DEPARTMENT OF COMPUTER SCIENCE
Clayton, Victoria 3168 Australia
TECHNICAL REPORT 97/322
A Computational Extension to the Turing Test
D L Dowe and A R Ha'jek
The purely behavioural nature of the Turing Test leaves many with the view that passing it is not sufficient for 'intelligence' or 'understanding'. We propose here an additional necessary computational requirement on intelligence that is non-behavioural in nature and which we contend is necessary for a commonsense notion of 'inductive learning' and, relatedly, of 'intelligence'. Said roughly, our proposal is that a key to these concepts is the notion of compression of data.
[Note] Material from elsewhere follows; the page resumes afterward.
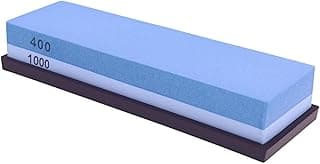 Pedra de amolar dupla face 400/1000 para facas de cozinha, azul e branca, sobre base marrom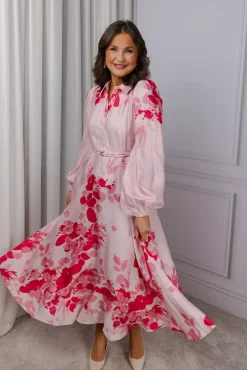 Viscose Shirt Dress Pink Field^BY TIMO Discount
Where the agent under assessment is able to communicate, e.g. by a tele-type machine, our criterion is that, in addition to requiring the agent's being able to pass Turing's original (behavioural) Turing Test, we also require that the agent have a somewhat compressed representation of the test domain. Our reason for adding this requirement is that, as we shall argue from both Bayesian and information-theoretic grounds, inductive learning and compression are tantamount to the same thing. We can only compress data when we learn a pattern or structure, and it seems quite reasonable to require that an 'intelligent' agent can inductively learn (and record the result learnt from the compression). We illustrate these ideas and our extension of the Turing Test via Searle's Chinese room example and the problem of other minds.
We also ask the follwing question: Given two programs H1 and H2 respectively of lengths l1 and l2, if H1 and H2 perform equally well (to date) on a Turing Test, which, if either, should be preferred for the future?
We also set a challenge. If humans can presume intelligence in their ability to set the Turing test, then we issue the additional challenge to researchers to get machines to administer the Turing Test.
Keywords: Turing Test, Philosophy of AI, compression, Bayesian and Statistical Learning Methods, Machine Learning, Cognitive Modelling.